Williamston Solar Power Information & Peak Sun Hours
Solar Green Energy Summary for Williamston, South Carolina
Fixed Tilt Sunlight Hours: 5.8 hours per day
1-Axis Tilt Sunlight Hours: 6 hours per day
2-Axis Tilt Sunlight Hours: 6.7 hours per day
Peak sun hours are a vital measurement to understand when considering the installation of solar panels. Peak sun hours are not the same as total sunlight hours because not every hour of sunlight during the day has enough strength and solar insolation to qualify as a peak sun hour. The rule of thumb is that a peak sun hour is when the intensity of the sun that is hitting your solar panel is providing at least 1,000 watts per square meter. This is an arbitrary number, but it is a number where most solar panels will be producing an efficient output and not underperforming due to sunshine that is not strong enough or direct enough.
Knowing that the latitude of Williamston is 34.6 can be helpful for understanding total sunlight hour variance. As you approach the equator latitude approaches zero. The closer the latitude is to zero, the more consistent the daily sunlight hours are throughout the year. Total sunlight hour consistency simply makes planning for your solar power needs easier, but it is certainly not a requirement.

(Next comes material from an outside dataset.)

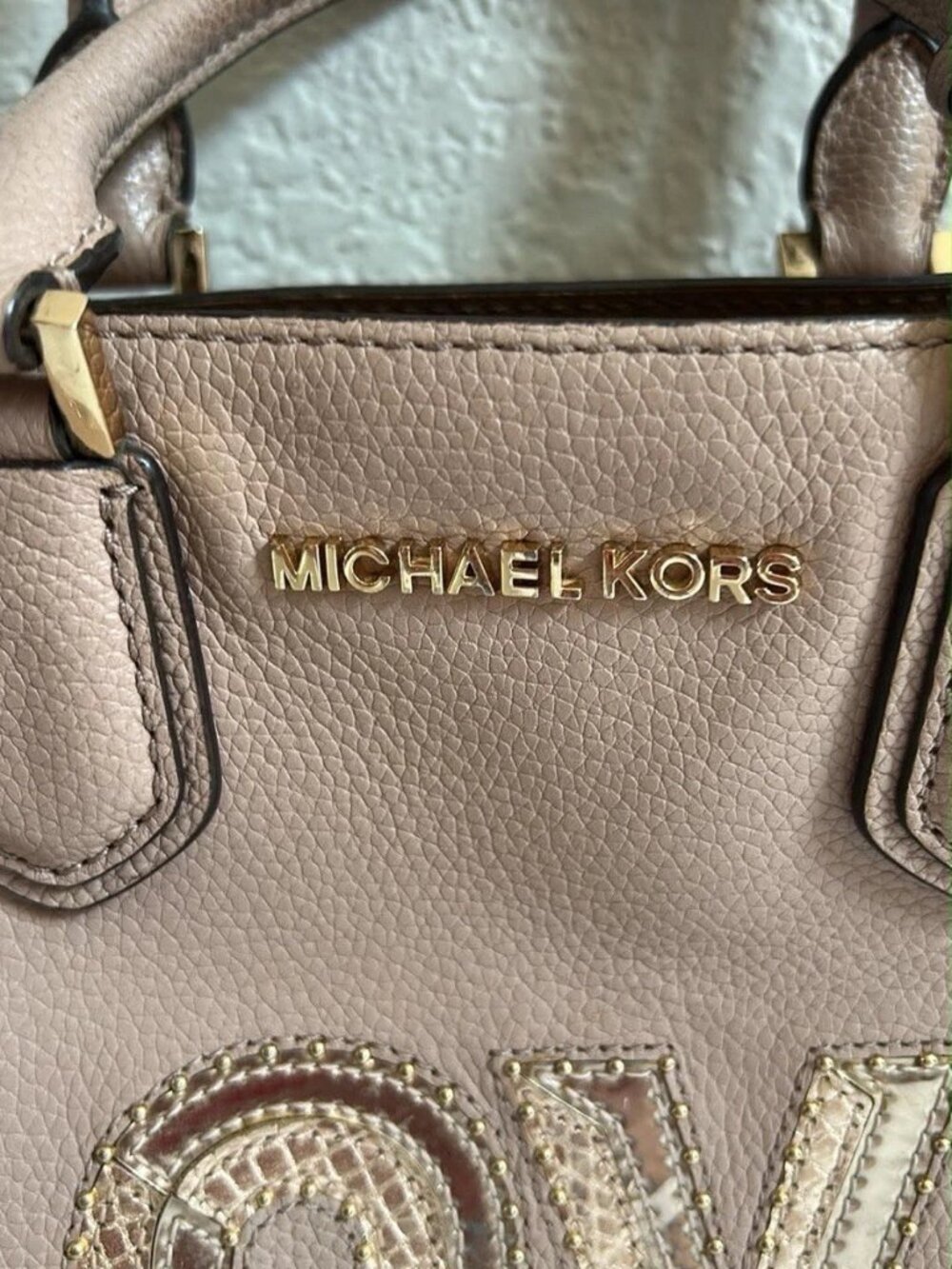 Michael Kors Adele Love Leather Shoulder Bag - Mauve / Old Rose - Picture 10 of 13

Throughout the day the sun obviously moves throughout the Williamston sky. The suns position in the sky also changes throughout the year with the seasons. A fixed solar panel does not accommodate for these changes. However, a 1-axis panel rotates and follows the sun’s path during the day. A 2-axis panel both follows the sun’s daily path as well as the seasonal differences
The sun is a great ball of gas that rises and sets every day that the earth rotates while in orbit around the sun. Barring any major disasters this is a very predictable occurance every day. Latitude helps predict this even more, narrowing it down to the minute for sunrise and sunset. But some things aren’t as predictable that will greatly influence the efficiency of solar panels. Weather and cloud coverage for example can greatly diminish peak sun hours on any given day. Thick storm clouds will block a high percentage of the sun's rays, resulting in lower output of your solar panels. Weather needs to be factored into deciding when to use your system, or how much output one expects to get.

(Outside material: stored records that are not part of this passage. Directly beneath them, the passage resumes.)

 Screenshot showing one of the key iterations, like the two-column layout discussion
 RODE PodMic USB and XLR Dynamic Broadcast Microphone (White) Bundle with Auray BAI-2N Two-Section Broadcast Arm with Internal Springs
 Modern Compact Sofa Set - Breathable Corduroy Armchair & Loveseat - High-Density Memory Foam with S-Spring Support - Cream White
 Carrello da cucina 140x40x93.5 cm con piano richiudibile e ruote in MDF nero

By taking the latitude of Williamston one can get a close estimate of the amount of average peak sun hours per day for the geographical area. It varies with technology and the type of solar panel mount you use, but for a fixed mount solar panel in Williamston one can expect close to 5.8 average peak sun hours per day. With a 1-axis tracking mount you would get 6 hours per day, and 6.7 hours per day with a 2-axis tracking mount that tracks the sun everywhere in the sky.